First the good news. Celtic Solstice has been finished for about two weeks, and is going to live with my brother in Virginia. I haven't been finishing quilt tops very fast for several years, and I would like to do better at supplying my family and friends with quilts. So this one's for Andy.
She looks so innocent, Muffball does. But no!
This is the brain of the stitch regulator that was attached to my Megaquilter setup. I took the machine off the carriage so I could replace some worn carriage plastic tracks, as I blogged about after finishing Celtic Solstice. I was very optimistic that I could whip out those six quilt tops that need quilting. But I dawdled a bit with re-lifting the machine onto the refurbished carriage.

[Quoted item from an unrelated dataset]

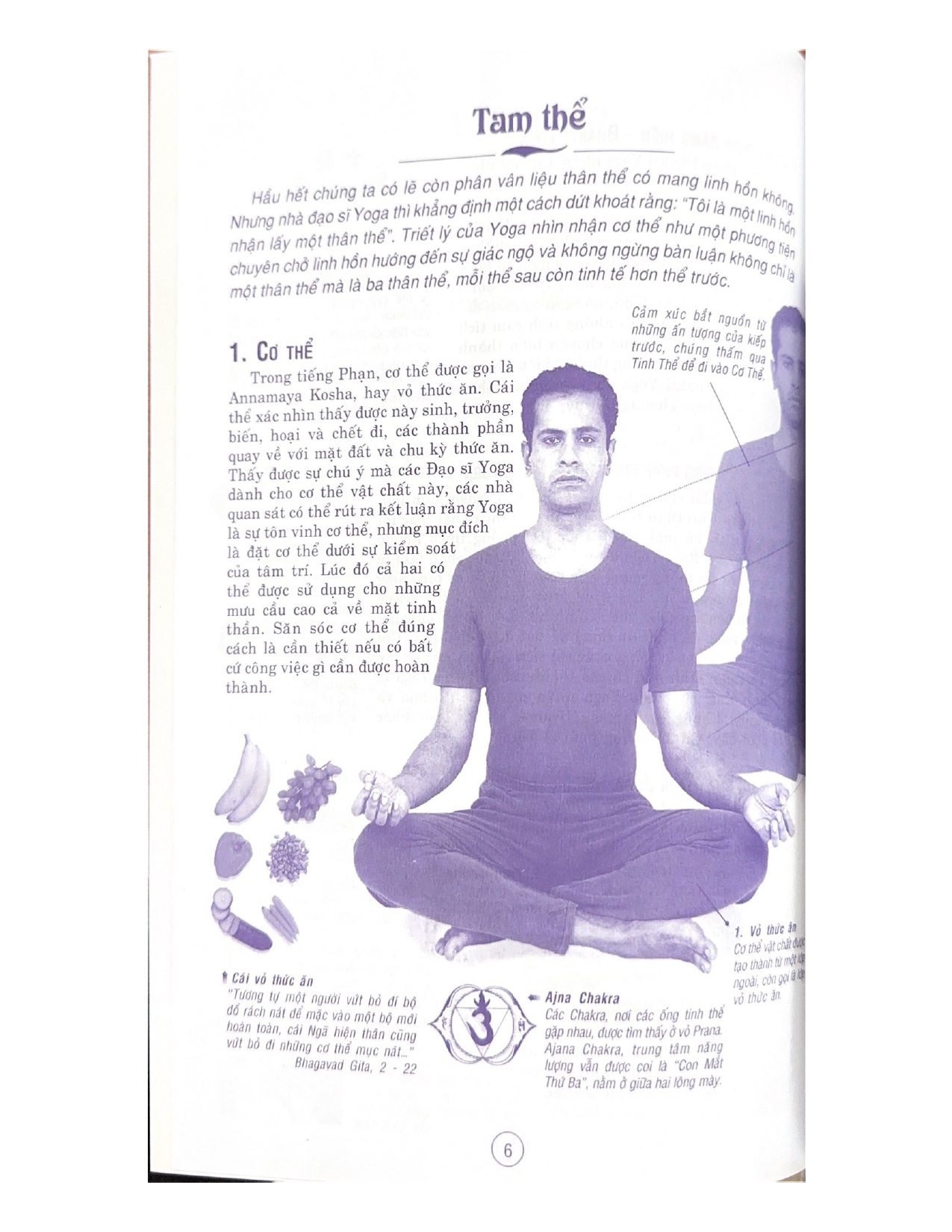 Hình ảnh Yoga Tinh Thần Và Thể Chất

And yesterday when I came home, I realized the entire carriage had been toppled over off the tracks, and the framework of the apparatus that goes around the heavy machine had fallen sideways onto the far end of the frame. This caused the wires leading into the red box to wrench out, and broke at least two of the black components on the circuitboard. It's a $500 piece of high-tech equipment that I can't possibly fix and can't really justify replacing right now. So now, instead of looking forward to zipping out lots of quilts, I'm going to have to try quilting with no real control of stitch length and speed. I used to do machine quilting on my little machine, not the frame, without a stitch regulator. But... grr. I can't even figure out how to dis-assemble the stitch regulator and replace it with the speed control switch that came with the frame, or whether that will even work. It unquestionably deflates my happiness in being able to solve the (relatively inexpensive) problem of wobbly tracks. Technology and I do not get along.
It was almost certainly the cat. Wish I could have been home to see her terrified reaction to jumping on the carriage... but only if I had hidden the stitch regulator first!